WORK ITEM.
A verbatim copy of the records below, pictures omitted, is the task.

(Data excerpts)
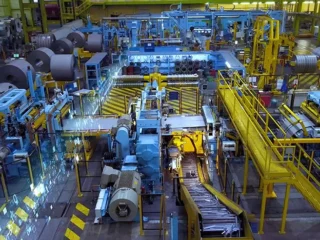 Alemania apuesta por el acero verde con inversión de 2000 millones de euros en planta de Thyssenkrupp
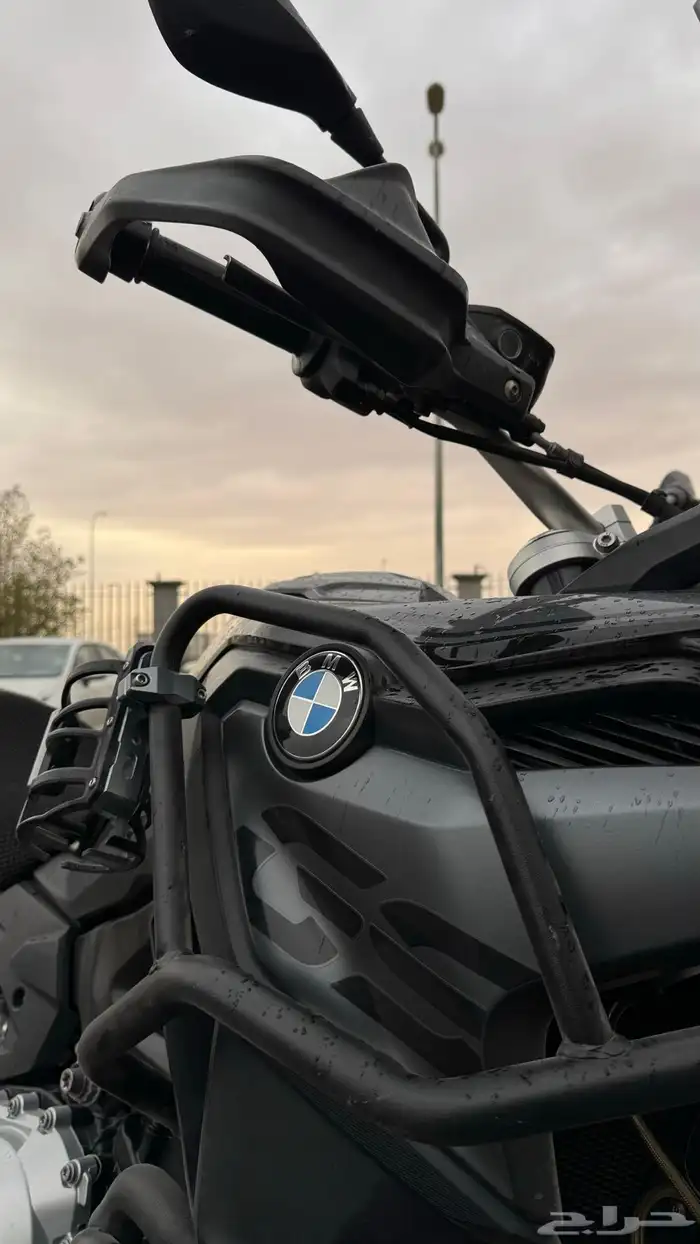 دباب BMW F850 GS 2022 3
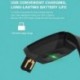 Piros szín - Q1 Smart Watch Férfi Női Bluetooth Sport Fitness Karkötő IP67 Vízálló Fashion Digitális Elektronikus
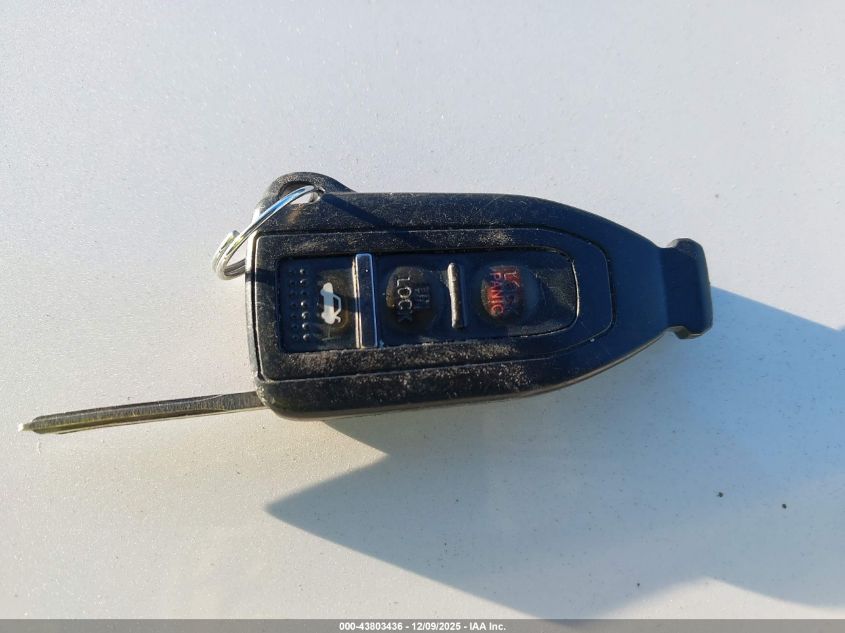 2005 Lexus Ls 430 VIN: JTHBN36F155009628 Lot: 43803436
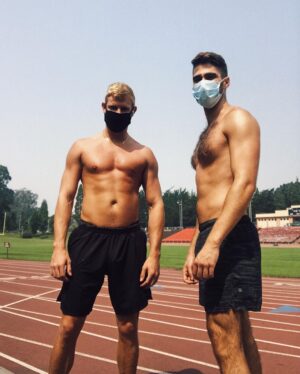 Eduardo Sanchez-Ubanell Instagram - Protect yourself from WAP (wildfire air pollutants) 😷💨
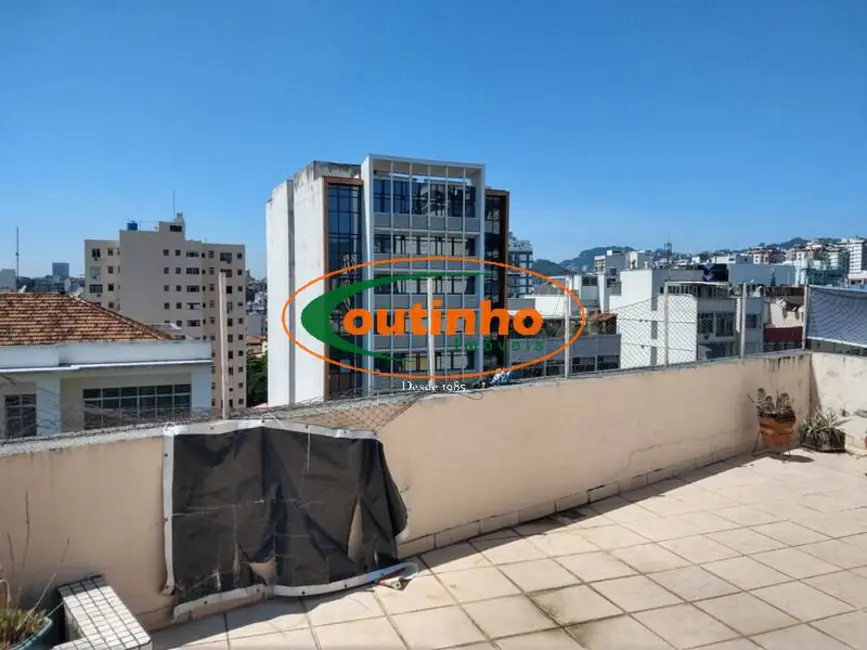 Foto 1 de Cobertura com 3 quartos à venda, 200m2 em Tijuca, Rio De Janeiro - RJ
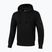 Vyriškas Pitbull West Coast Everts džemperis su gobtuvu juodos spalvos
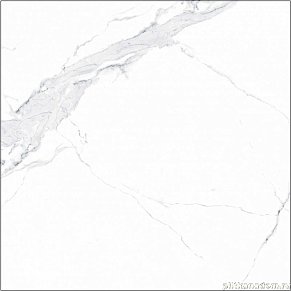 Creto Avenzo Silver F P R Full Lappato 1 Белый Лаппатированный Керамогранит 60х60 см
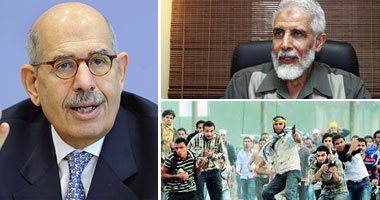5 وقائع جديدة فى مؤامرة تركيع مصر..الإخوان والبرادعى يروجون لخطة الحصار الاقتصادى .. بيان رسمى للجماعة الإرهابية يدعو لثورة 11/11 تصعيد إرهابى فى سيناء.. وصول تمويلات ضخمة للجماعات المتطرفة 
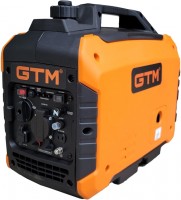 Photos - Generator GTM DK2000i 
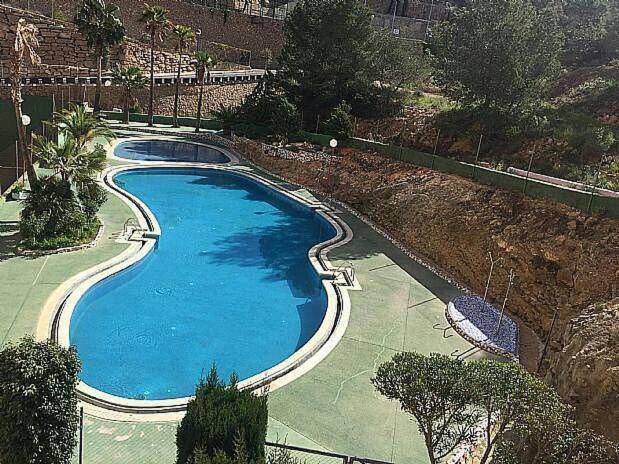 Apartamento Cumbre Loix Benidorm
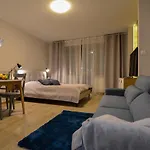 Na Wyspie - Zdrojowa 24-26 - Parking Apartman *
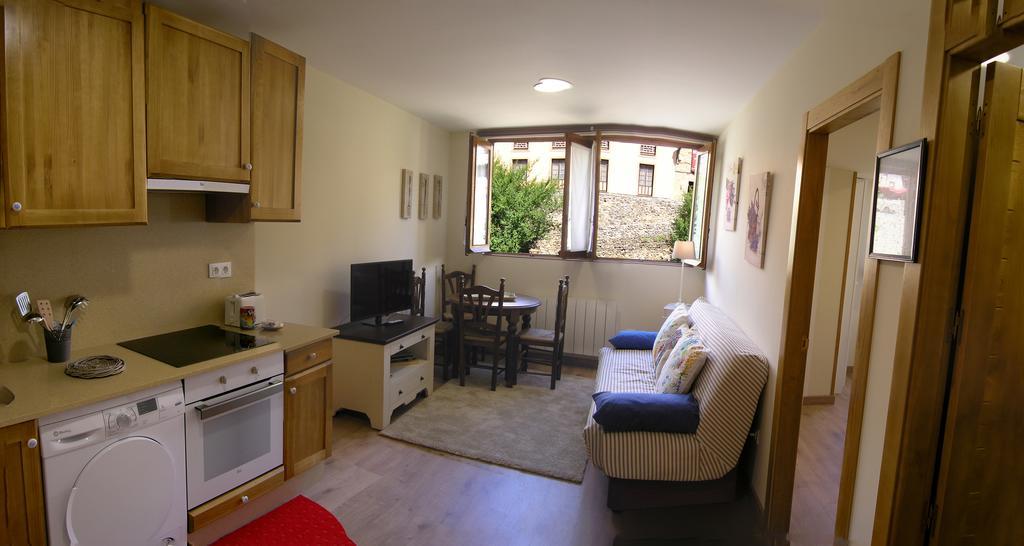Apartamento El Nial De Potes Exterior photo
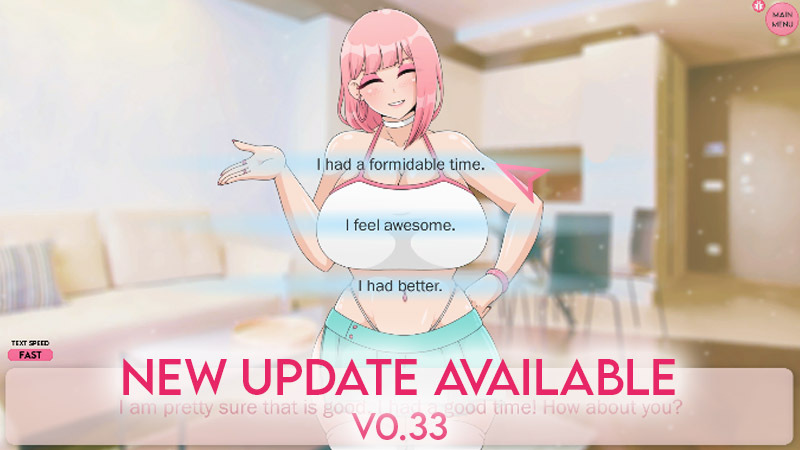 Steam Zoey My Hentai Sex Doll New update v0.33 Part 2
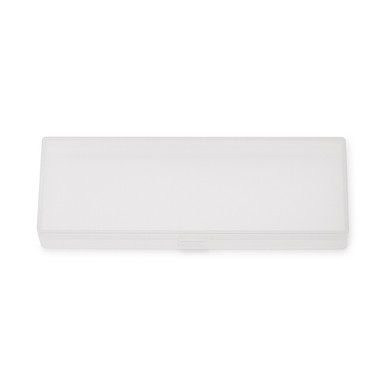 Muji | Pp Pen Case L ‐ 184X64x25mm One Size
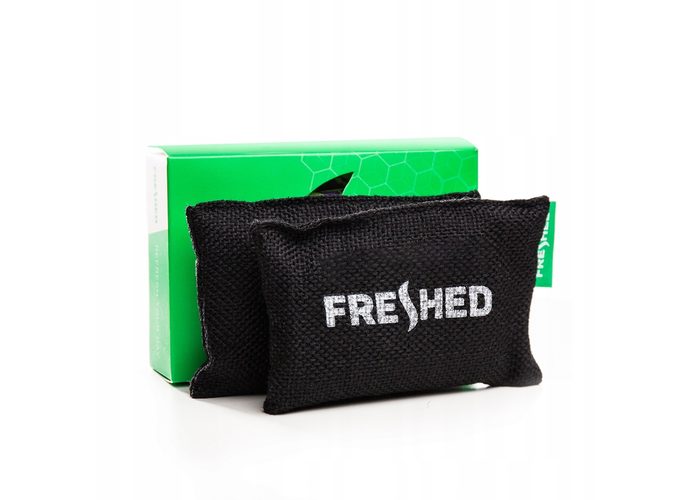 Freshed Black Eco - saszetki odświeżające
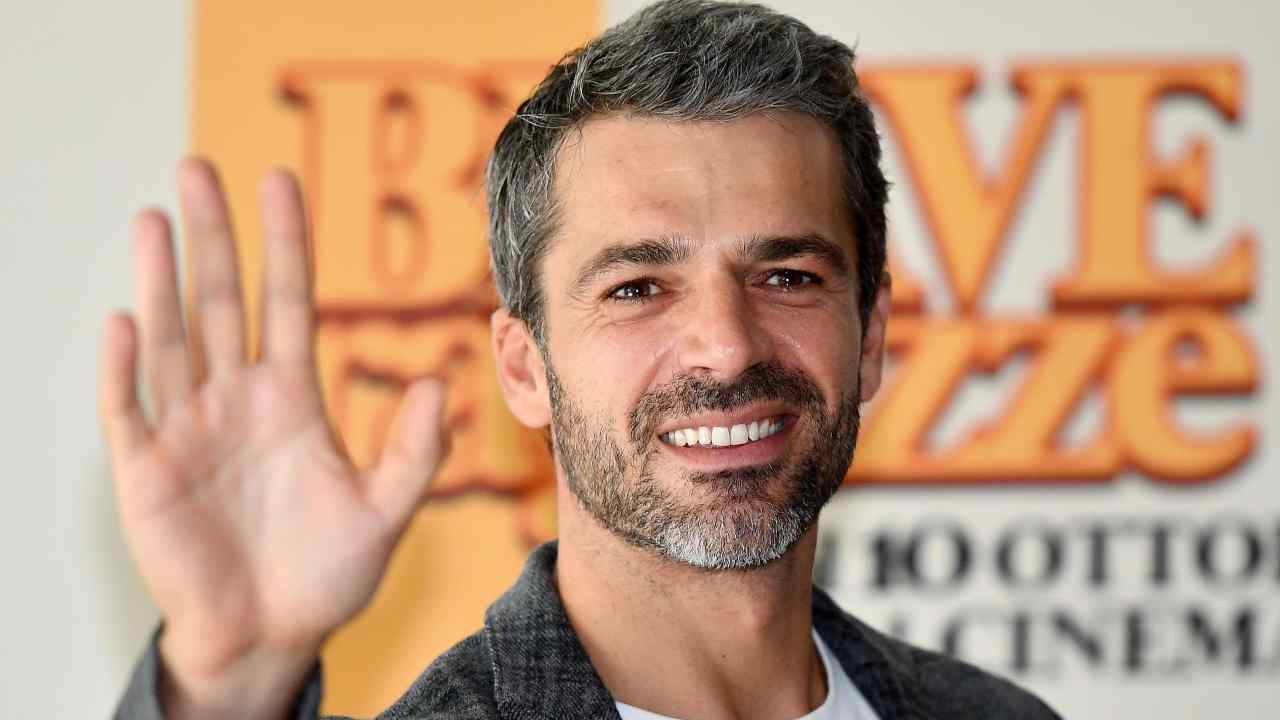 Luca Argentero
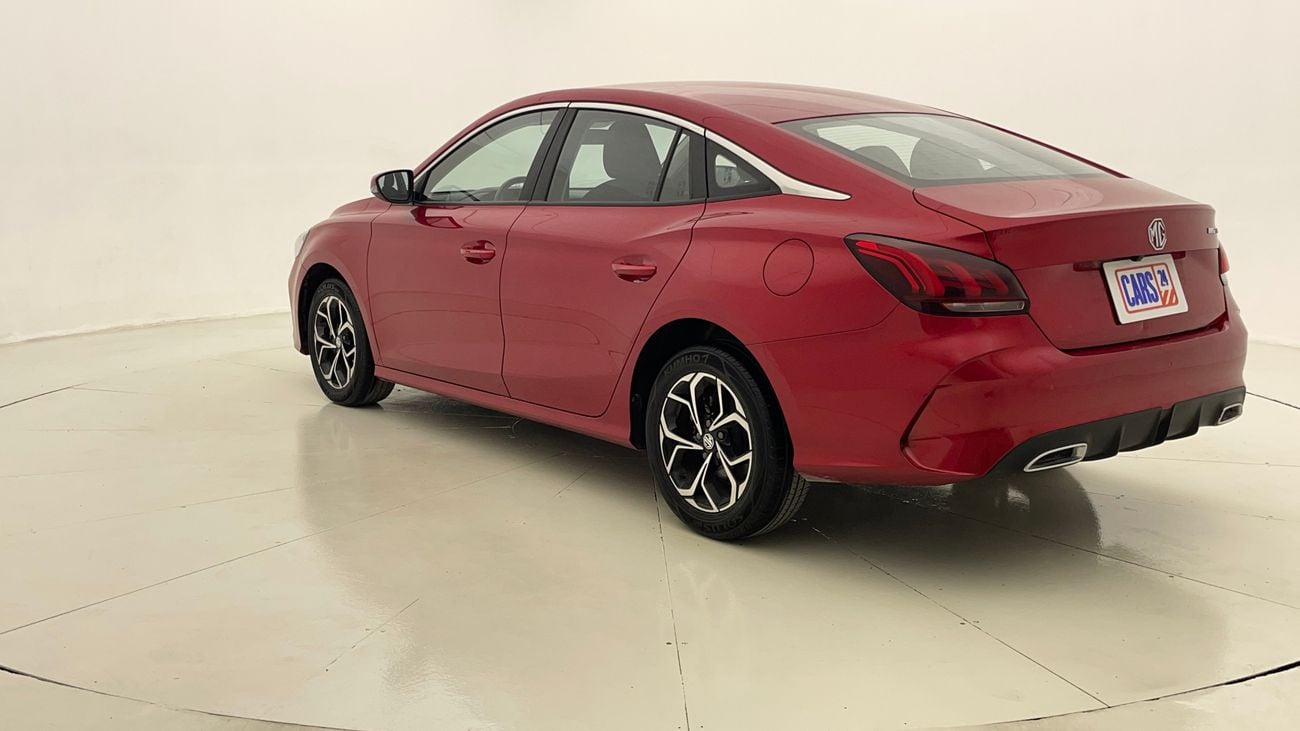 أم جي GT STD 1.5 | بدون دفعة مقدمة | اختبار القيادة في المنزل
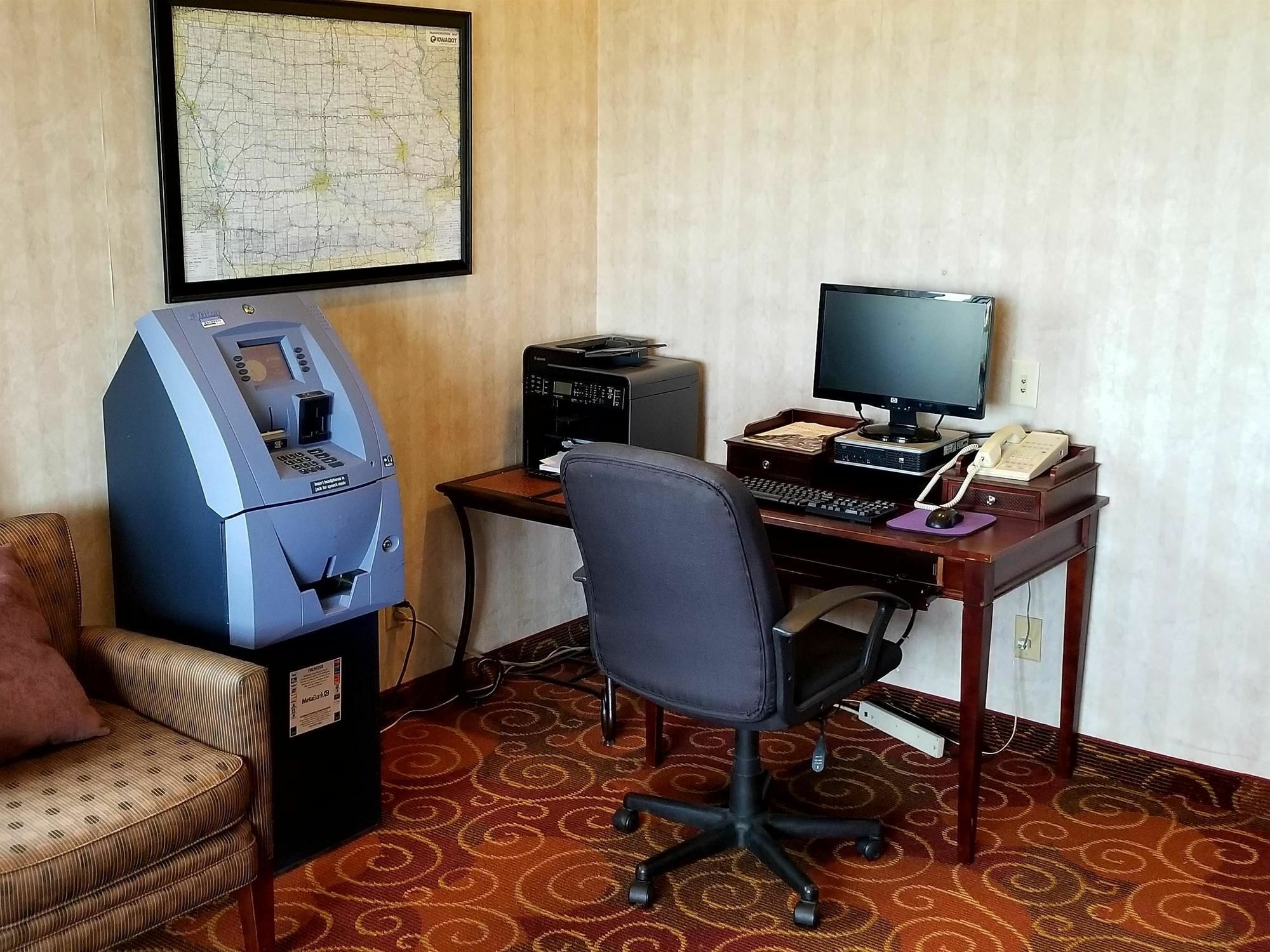 Rock Island Inn & Suites Marshalltown Zewnętrze zdjęcie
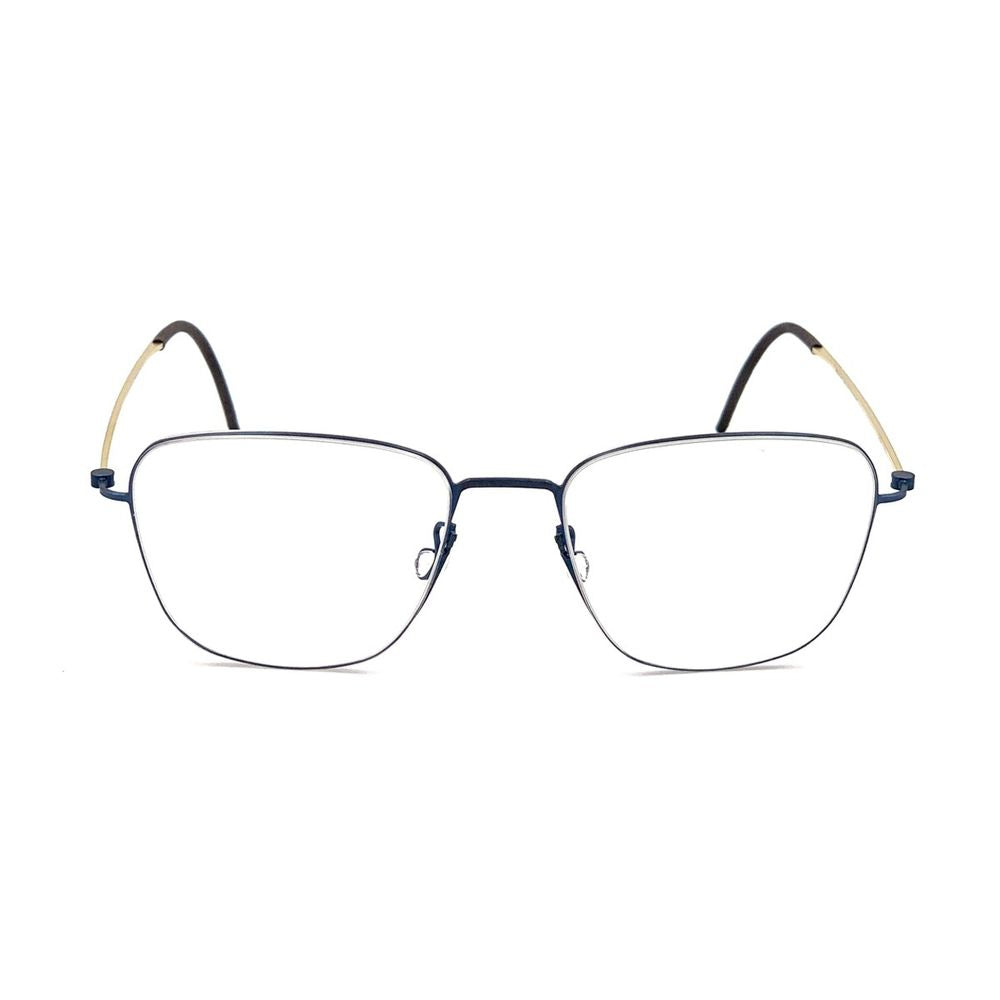 Thintanium 5506 Thin Titanium Square Framed Sunglasses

PROBLEM SOLUTION.
 Alemania apuesta por el acero verde con inversión de 2000 millones de euros en planta de Thyssenkrupp
 دباب BMW F850 GS 2022 3
 Piros szín - Q1 Smart Watch Férfi Női Bluetooth Sport Fitness Karkötő IP67 Vízálló Fashion Digitális Elektronikus
 2005 Lexus Ls 430 VIN: JTHBN36F155009628 Lot: 43803436
 Eduardo Sanchez-Ubanell Instagram - Protect yourself from WAP (wildfire air pollutants) 😷💨
 Foto 1 de Cobertura com 3 quartos à venda, 200m2 em Tijuca, Rio De Janeiro - RJ
 Vyriškas Pitbull West Coast Everts džemperis su gobtuvu juodos spalvos
 Creto Avenzo Silver F P R Full Lappato 1 Белый Лаппатированный Керамогранит 60х60 см
5 وقائع جديدة فى مؤامرة تركيع مصر..الإخوان والبرادعى يروجون لخطة الحصار الاقتصادى .. بيان رسمى للجماعة الإرهابية يدعو لثورة 11/11 تصعيد إرهابى فى سيناء.. وصول تمويلات ضخمة للجماعات المتطرفة 
 Photos - Generator GTM DK2000i 
 Apartamento Cumbre Loix Benidorm
 Na Wyspie - Zdrojowa 24-26 - Parking Apartman *
Apartamento El Nial De Potes Exterior photo
 Steam Zoey My Hentai Sex Doll New update v0.33 Part 2
 Muji | Pp Pen Case L ‐ 184X64x25mm One Size
 Freshed Black Eco - saszetki odświeżające
 Luca Argentero
 أم جي GT STD 1.5 | بدون دفعة مقدمة | اختبار القيادة في المنزل
 Rock Island Inn & Suites Marshalltown Zewnętrze zdjęcie
 Thintanium 5506 Thin Titanium Square Framed Sunglasses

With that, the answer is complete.